MLA (Councillor) for 3rd Kings
- In office 1982–1989
- Preceded by: Bud Ings
- Succeeded by: Roberta Hubley

Personal details
- Born: October 26, 1930 Lorne Valley, Prince Edward Island
- Died: May 29, 2001 (aged 70) Montague, Prince Edward Island
- Party: Progressive Conservative
- Spouse: Glenda

= Peter MacLeod =

Canadian politician

Peter B. MacLeod (October 26, 1930 – May 29, 2001) was a Canadian politician and farmer. He represented 3rd Kings in the Legislative Assembly of Prince Edward Island from 1982 to 1989 as a Progressive Conservative.

MacLeod was born in 1930 in Lorne Valley, Prince Edward Island.

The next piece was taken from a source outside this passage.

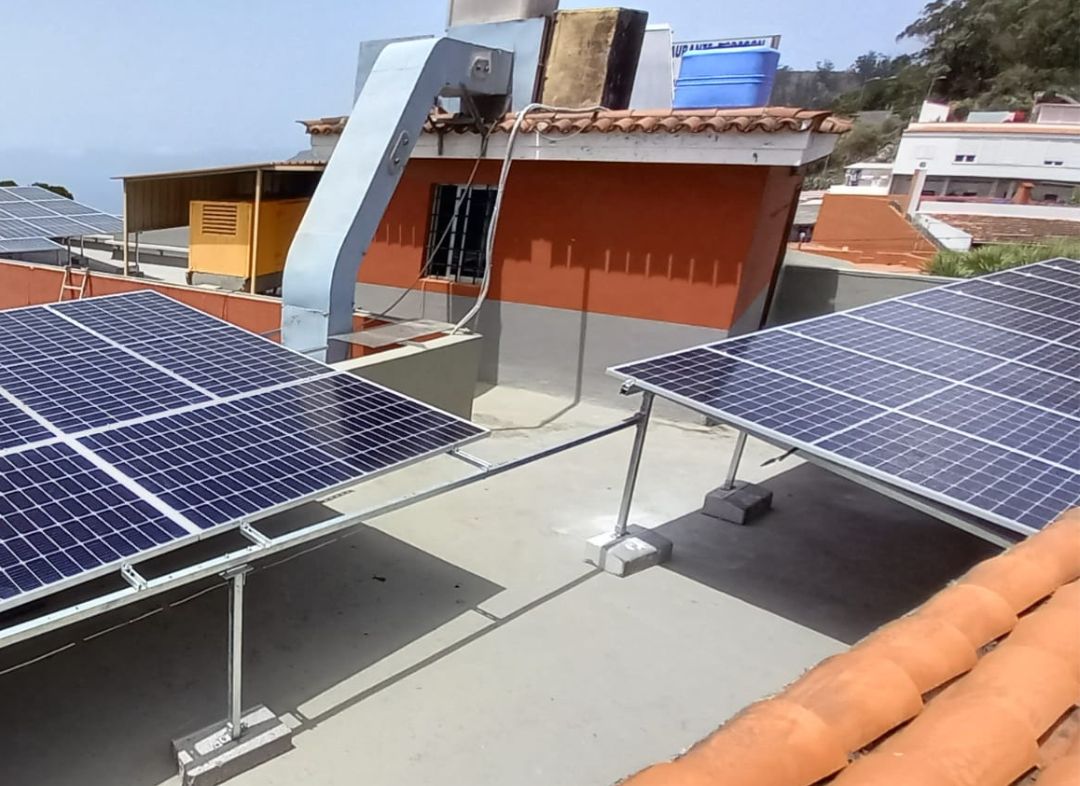 SR Instalación de placas solares en Restaurante Casa Tomás en Tenerife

He married Glenda Mae MacLeod in 1953. MacLeod was a farmer by career, and also served as a school trustee.

MacLeod attempted to enter provincial politics in the 1978, and 1979 elections, but was defeated both times by Liberal Bud Ings. MacLeod ran again in the 1982 election, and was elected councillor for the electoral district of 3rd Kings. He was re-elected in 1986, but was defeated by Liberal Roberta Hubley when he ran for re-election in 1989.

MacLeod died in Montague, Prince Edward Island on May 29, 2001.